Exercise materials START
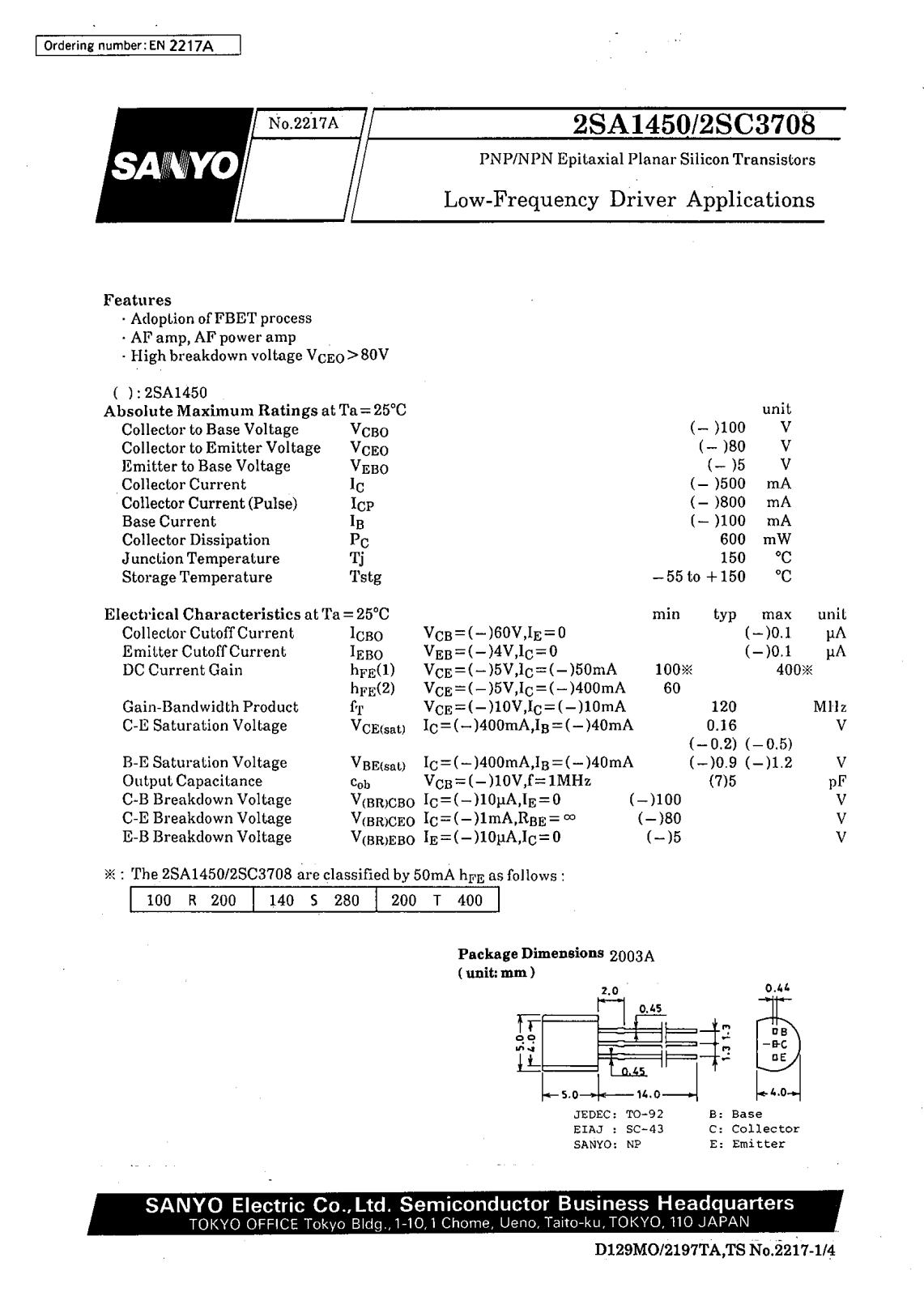 SANYO 2SC3708, 2SA1450 Datasheet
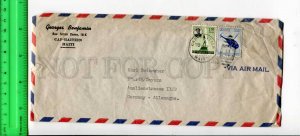 425523 HAITI to GERMANY 1956 year air mail real posted COVER w/ helicopter stamp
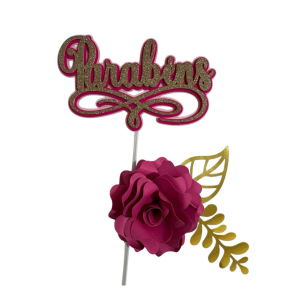 TOPO DE BOLO PARABÉNS COM FLOR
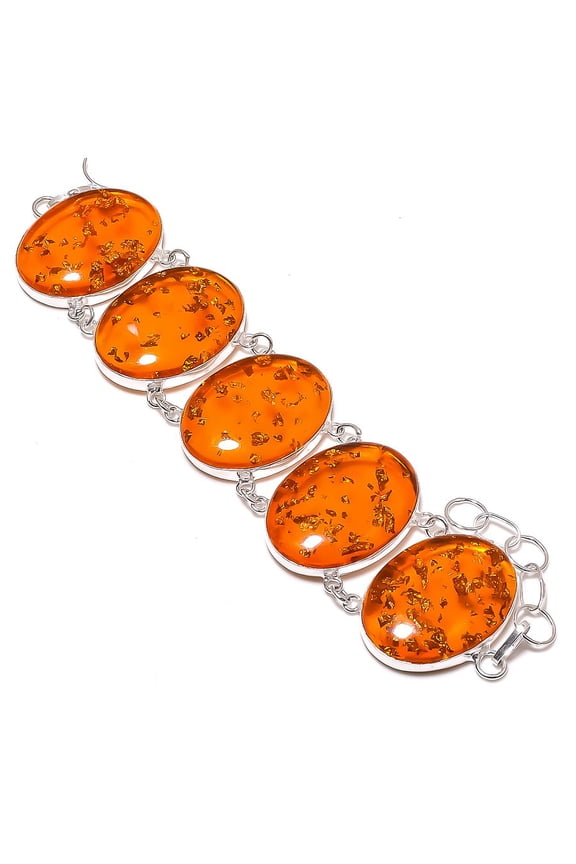 Natural Baltic Amber Gemstone Handmade 925 Sterling Silver Bracelet 7-8"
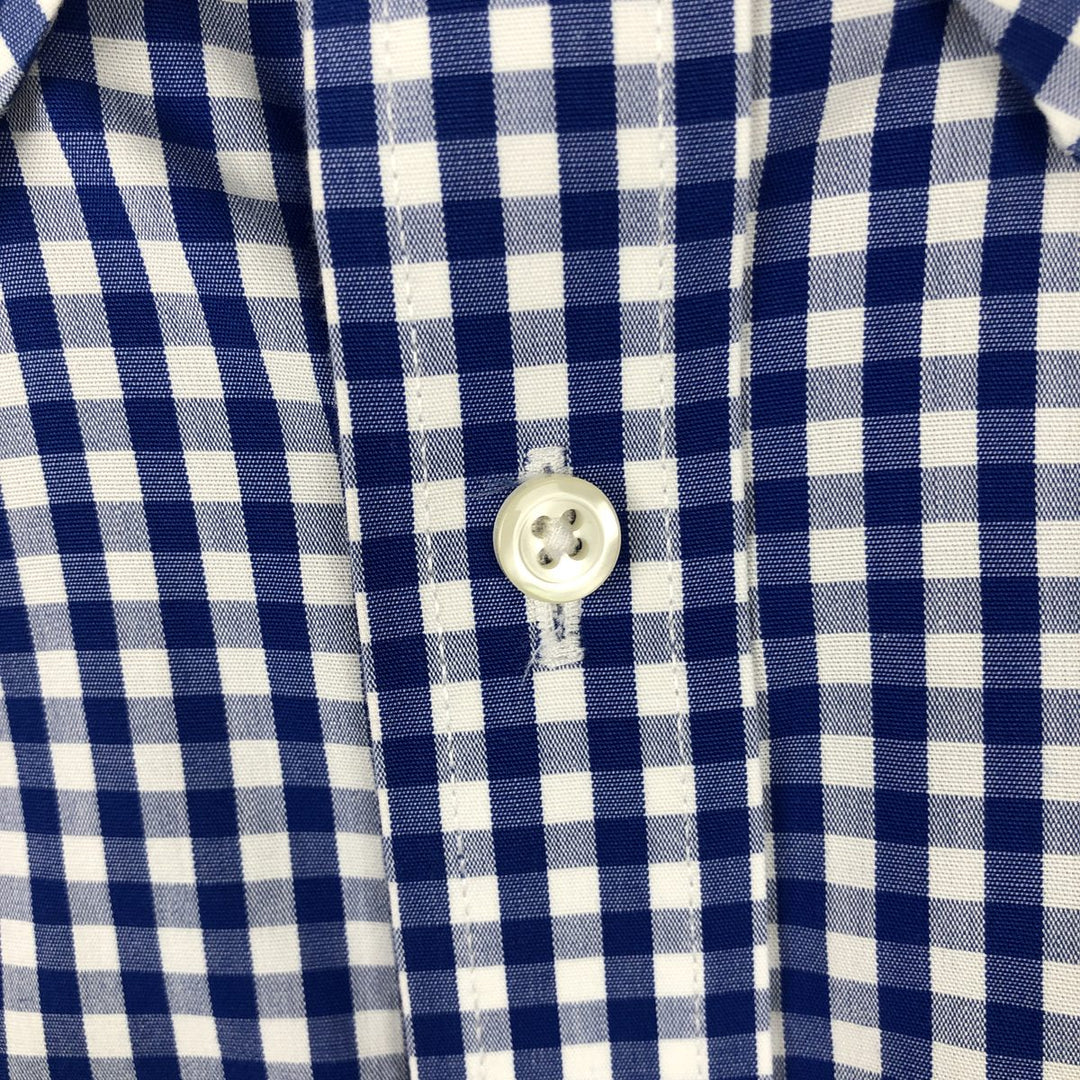 Brooks Brothers 1818 REGENT FIT Short-Sleeve Button-Down Check Shirt, Men's Size XL (approx.) cotton white type Vintage Second Hand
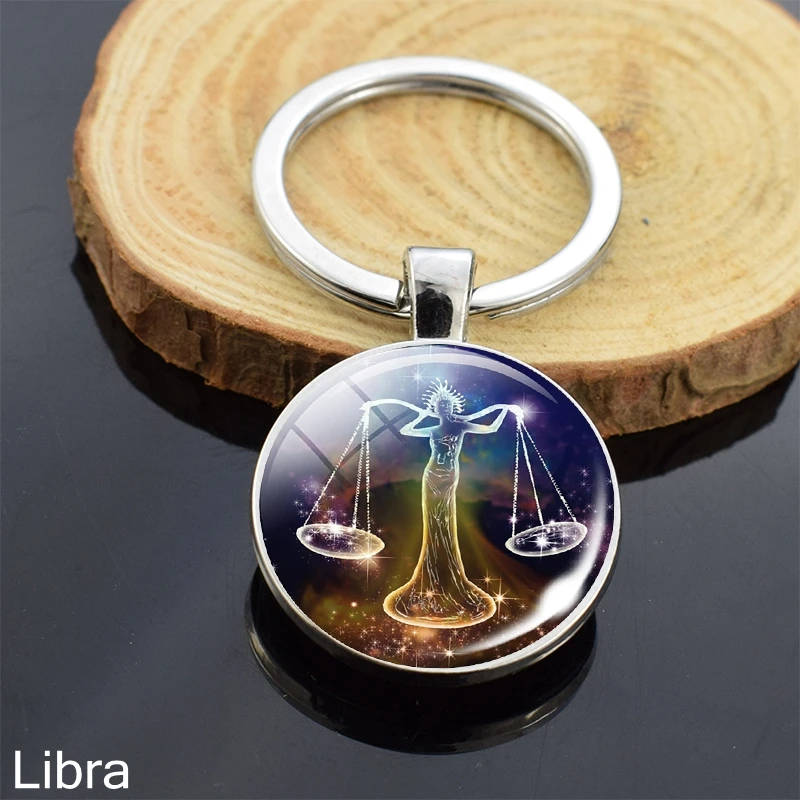 Libra 12 Знак созвездия хрустальный шар брелок Скорпион Лев Рыбы Зодиак стекло Сфера брелок кольца, подарок на день рождения для женщин мужчин кулон - Цвет: Libra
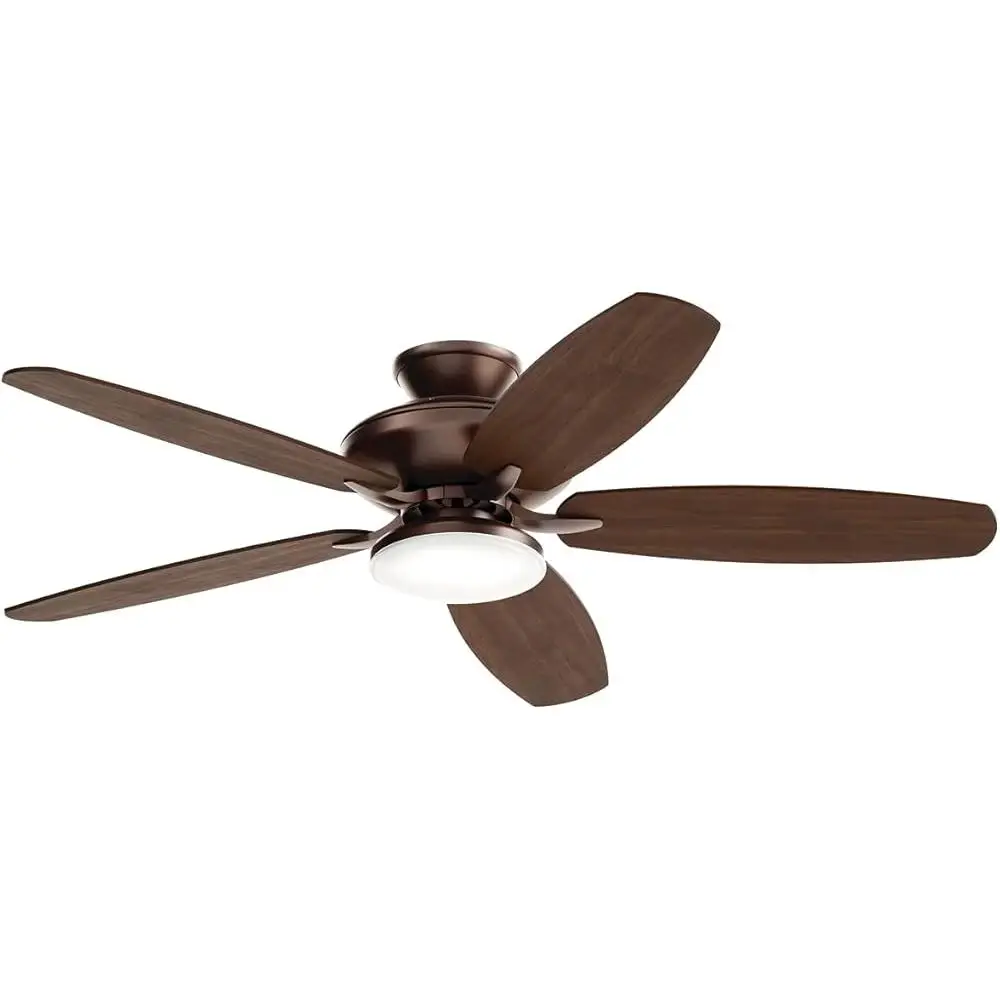 52 بوصة مروحة السقف الحديثة مع مصباح ليد محرك تيار متردد متجمد الزجاج الناشر عكسها شفرات دوران الهواء المنزل مكتب المطبخ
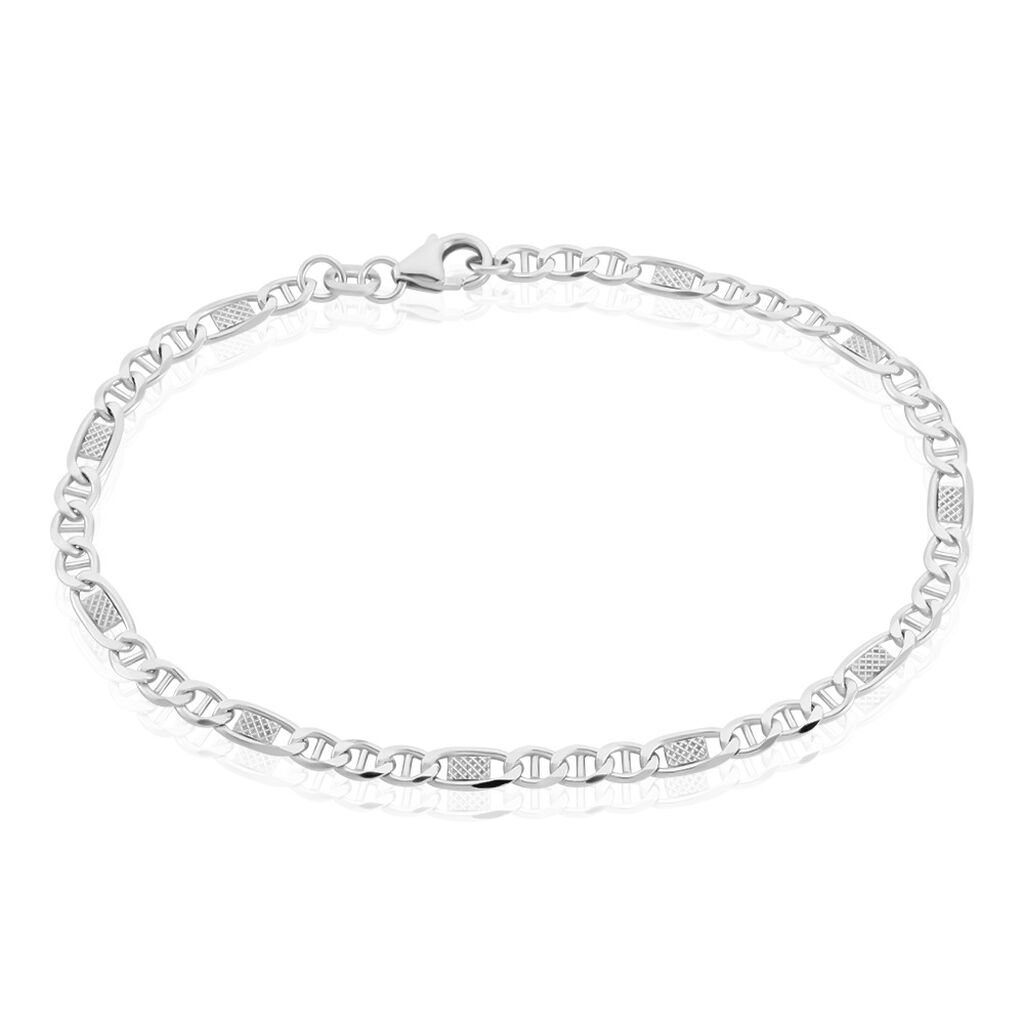 Bracelet Jeremi Argent Blanc - Bracelets mailles Homme | Marc Orian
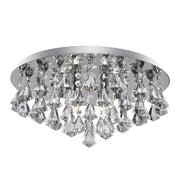 Hanna 6Lt Flush Ceiling Light - Chrome & Clear Crystal Finish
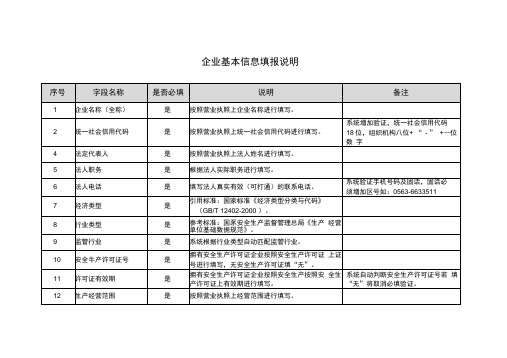 企业基本信息填报说明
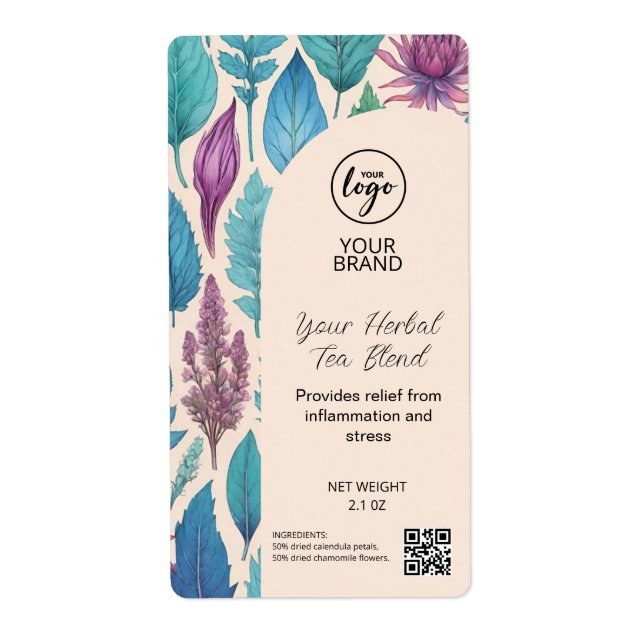 Herbal Tea Blend Product Pouch Labels (Front)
Exercise materials END
Please retype the records above exactly, but leave out any pictures.

### Exercise response
 SANYO 2SC3708, 2SA1450 Datasheet
 425523 HAITI to GERMANY 1956 year air mail real posted COVER w/ helicopter stamp
 TOPO DE BOLO PARABÉNS COM FLOR
 Natural Baltic Amber Gemstone Handmade 925 Sterling Silver Bracelet 7-8"
 Brooks Brothers 1818 REGENT FIT Short-Sleeve Button-Down Check Shirt, Men's Size XL (approx.) cotton white type Vintage Second Hand
 Libra 12 Знак созвездия хрустальный шар брелок Скорпион Лев Рыбы Зодиак стекло Сфера брелок кольца, подарок на день рождения для женщин мужчин кулон - Цвет: Libra
 52 بوصة مروحة السقف الحديثة مع مصباح ليد محرك تيار متردد متجمد الزجاج الناشر عكسها شفرات دوران الهواء المنزل مكتب المطبخ
 Bracelet Jeremi Argent Blanc - Bracelets mailles Homme | Marc Orian
 Hanna 6Lt Flush Ceiling Light - Chrome & Clear Crystal Finish
 企业基本信息填报说明
 Herbal Tea Blend Product Pouch Labels (Front)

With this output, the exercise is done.